The whole point for me was that I wasn't fit enough for a normal bicycle and didn't have the motivation to work up to it. With the ebike it feels like I can go anywhere I want and still get some cardio exercise doing it. If they're recommending an expensive non-ebike, that's just silly.


As an avid cyclist too, I think the biggest misunderstanding is you mentionned "trail", which you are probably confusing with "non paved path". That Bike Shaped Object mentionned up there would totally be destroyed in a few hours of riding any challenging trail at a decent speed. The fork would bend and lockup itself, the brake pads would be dead before reaching the bottom of the hill.

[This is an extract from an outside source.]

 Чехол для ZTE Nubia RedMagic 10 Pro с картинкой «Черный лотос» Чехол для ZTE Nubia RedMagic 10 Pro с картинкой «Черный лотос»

Another problem with buying such a lowend bike online is they are very often badly assembled. You might find quickly that it becomes noisy because some parts were installed without enough grease, or components may become nearly impossible to remove because of oxydation when it will become time to replace them, and it may just be unsafe because something hasn't been torqued to spec. I once had a thorough look at these kind of bikes and a sticker on the fork clearly stated it was not really rated to be used off road. Thanksfully the CE norms have been done so that bicycles do not explode on potholes filled roads so even a bike not made for off-road is made to survive common abuses on and off the pavement.

My biggest issue with these kind of cheap e-bikes with stupid barely functionnal gimmicks such as (badly) suspended fork and chinese low end electric system is they often turn very quickly to the landfill because something end up being non functionnal and the owner do not know how to fix it himself and which component to replace wit. So to the eyes of many what you really bought appears to be waste (or soon to be) which would have been better replaced by something that might last better. Take the same bike, replace the suspended fork with a steel rigid fork and remove the electronics and you have a bike that can be ridden for years with decent maintenance. But how many people will do that instead of sending it to the landfill and replacing it with the same shit when it gets to this point?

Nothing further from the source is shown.